■ INFORMATION:
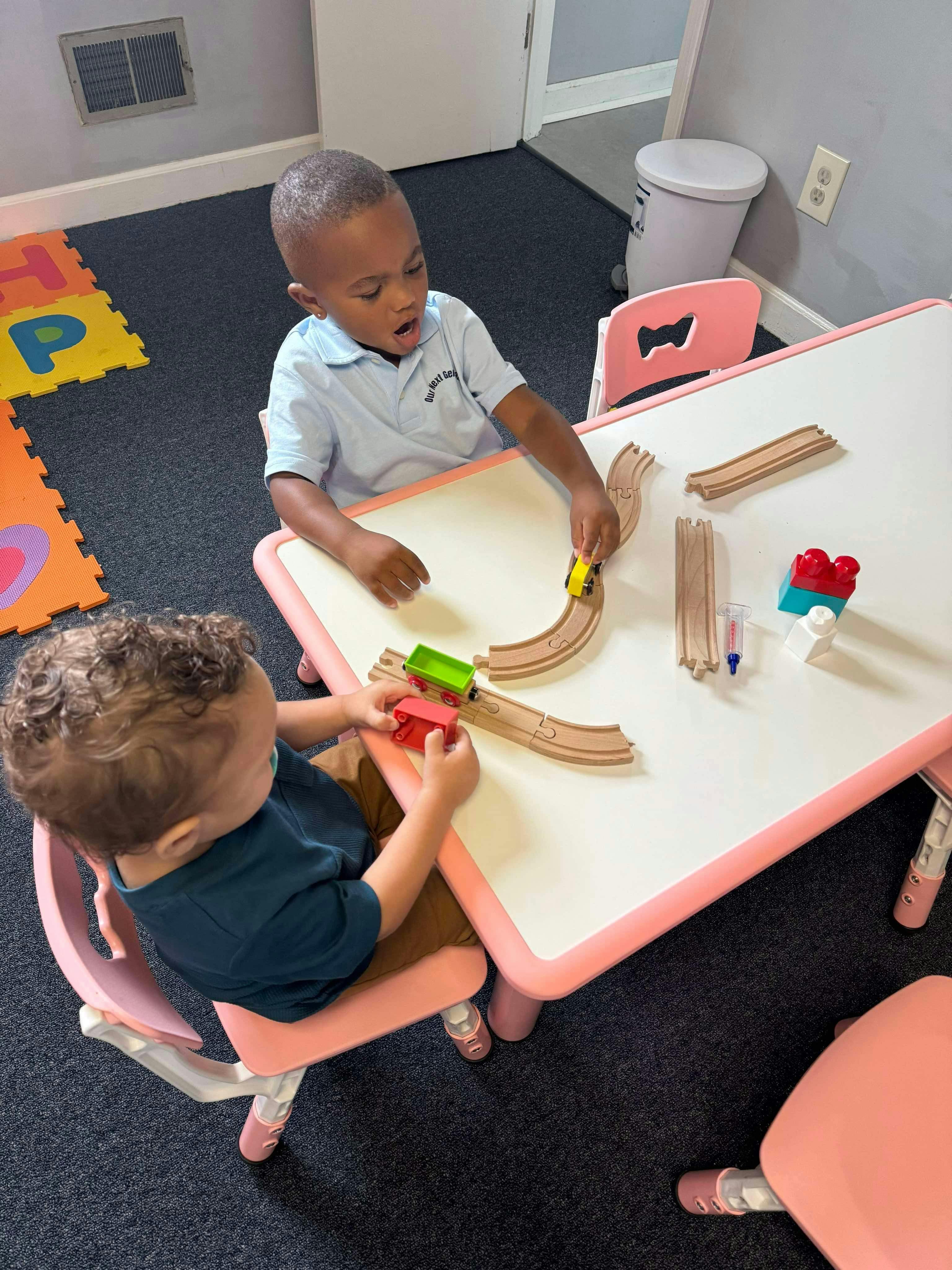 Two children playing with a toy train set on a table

...

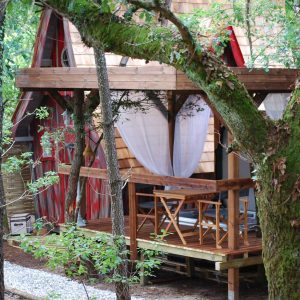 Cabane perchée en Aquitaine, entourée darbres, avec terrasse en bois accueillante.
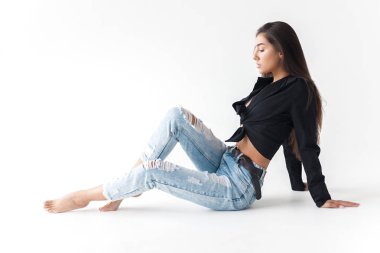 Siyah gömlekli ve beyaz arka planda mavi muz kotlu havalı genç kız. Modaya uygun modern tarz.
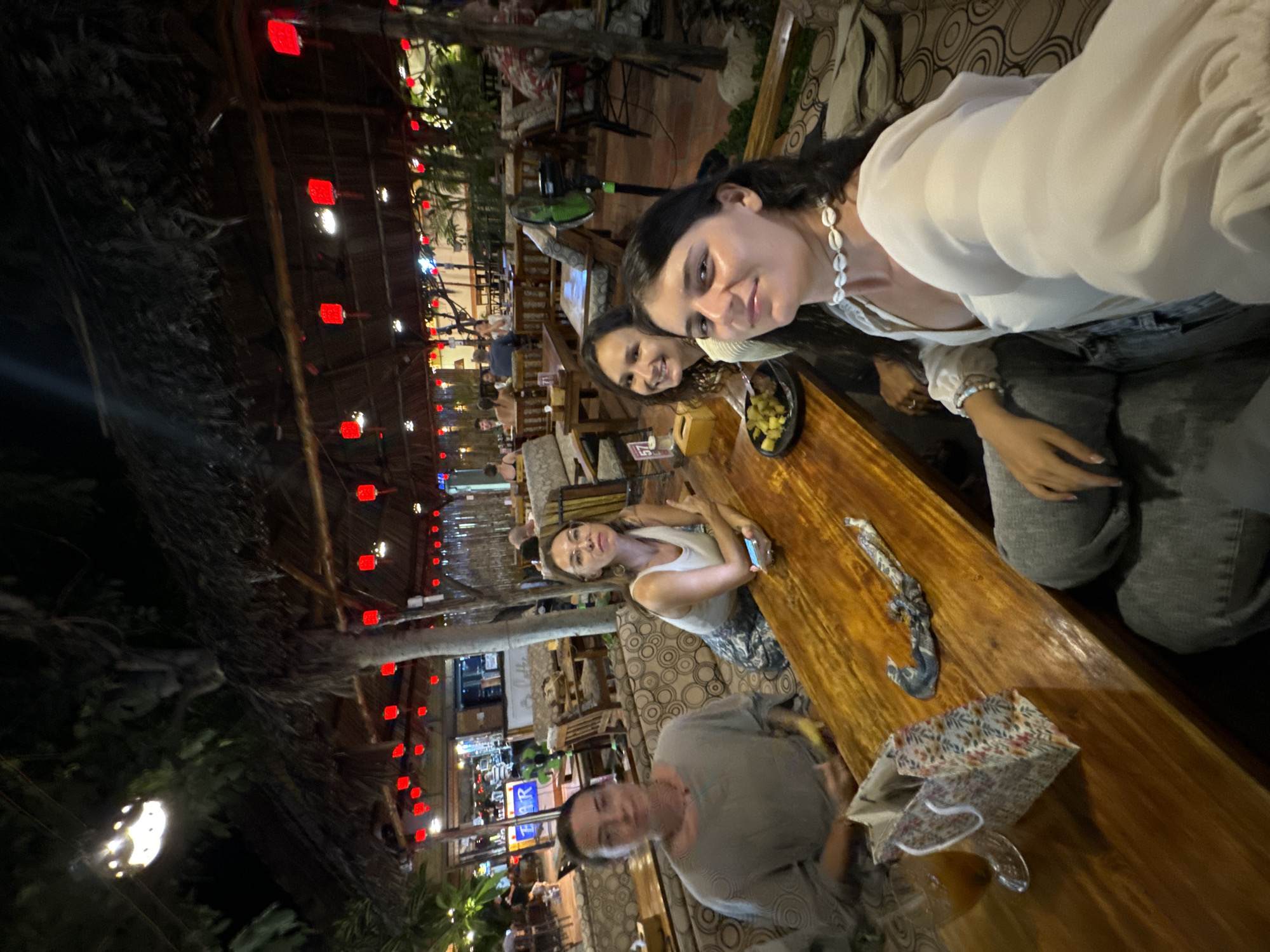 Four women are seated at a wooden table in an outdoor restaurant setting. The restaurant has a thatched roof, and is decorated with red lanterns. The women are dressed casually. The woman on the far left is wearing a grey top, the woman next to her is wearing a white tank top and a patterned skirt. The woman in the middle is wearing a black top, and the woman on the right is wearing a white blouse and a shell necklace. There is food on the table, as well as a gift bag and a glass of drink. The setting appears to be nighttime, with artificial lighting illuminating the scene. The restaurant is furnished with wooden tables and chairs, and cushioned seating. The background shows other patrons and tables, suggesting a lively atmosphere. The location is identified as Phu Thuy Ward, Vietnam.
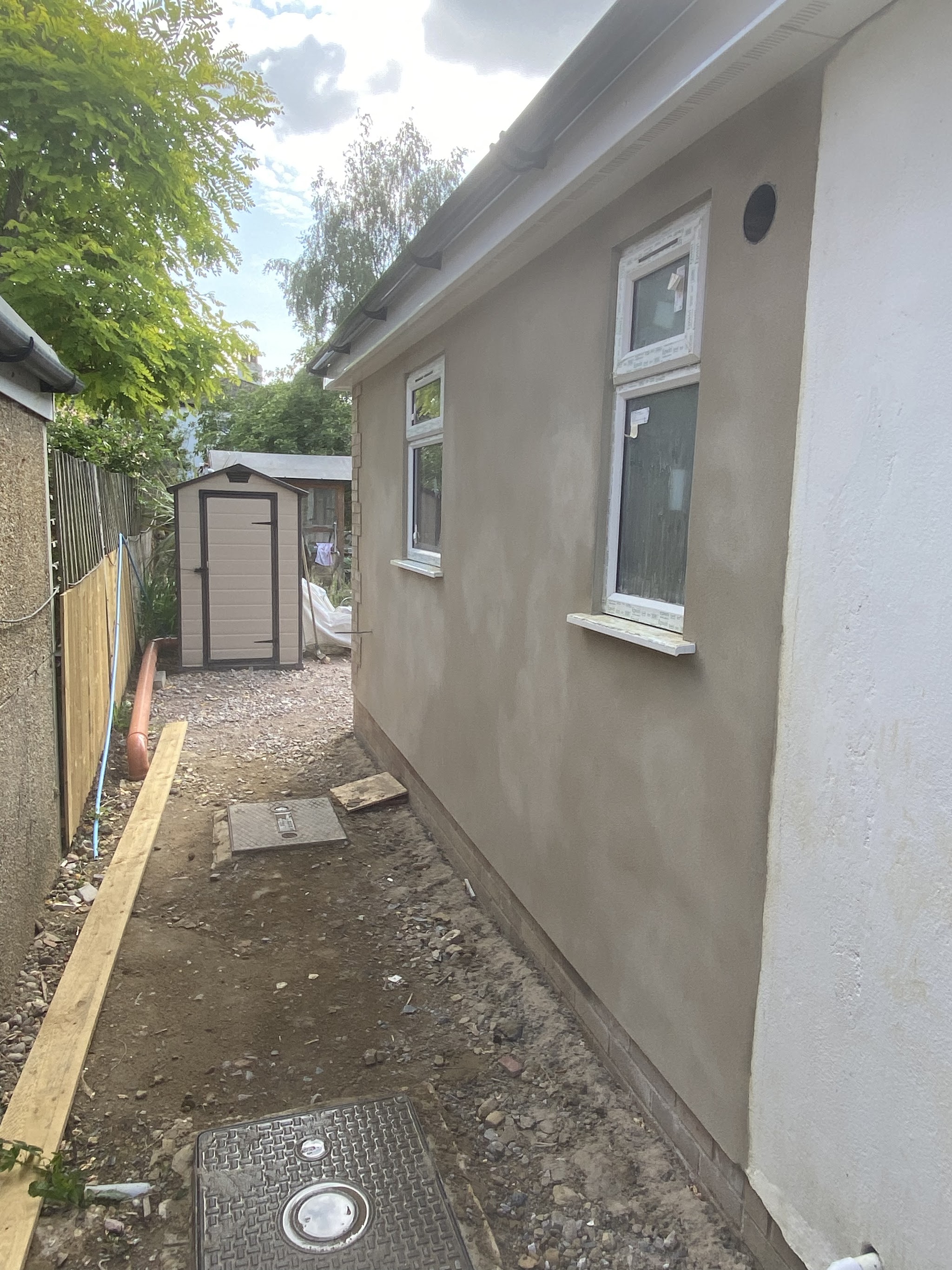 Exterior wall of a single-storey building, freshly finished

==

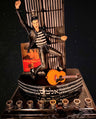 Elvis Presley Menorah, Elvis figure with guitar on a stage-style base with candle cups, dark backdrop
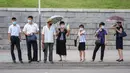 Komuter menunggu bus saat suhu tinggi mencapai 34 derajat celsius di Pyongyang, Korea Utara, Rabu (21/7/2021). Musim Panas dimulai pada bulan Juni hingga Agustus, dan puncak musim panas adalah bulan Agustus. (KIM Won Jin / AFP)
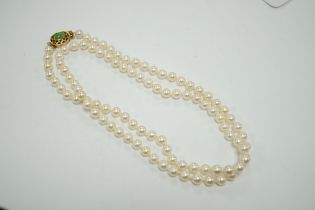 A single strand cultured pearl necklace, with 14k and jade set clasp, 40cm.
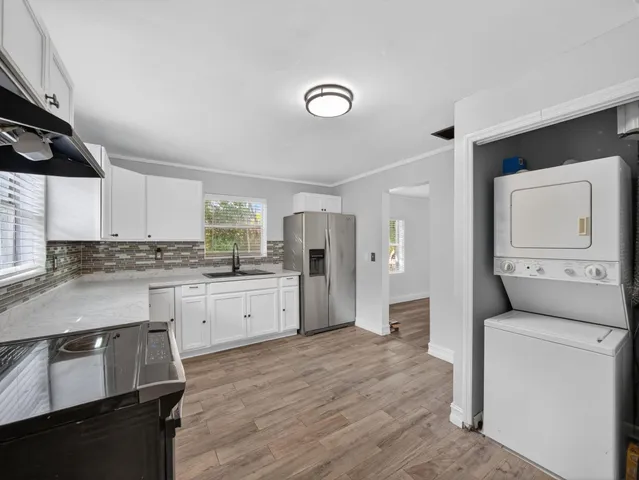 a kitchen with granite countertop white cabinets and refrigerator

■ WORK REQUEST: Transcribe only the lines above that start at the line containing "Elvis Presley Menorah, Elvis" and end at the line containing "a kitchen with". Omit pictures.

■ REPLY TO THE TASK:
 Elvis Presley Menorah, Elvis figure with guitar on a stage-style base with candle cups, dark backdrop
 Komuter menunggu bus saat suhu tinggi mencapai 34 derajat celsius di Pyongyang, Korea Utara, Rabu (21/7/2021). Musim Panas dimulai pada bulan Juni hingga Agustus, dan puncak musim panas adalah bulan Agustus. (KIM Won Jin / AFP)
 A single strand cultured pearl necklace, with 14k and jade set clasp, 40cm.
 a kitchen with granite countertop white cabinets and refrigerator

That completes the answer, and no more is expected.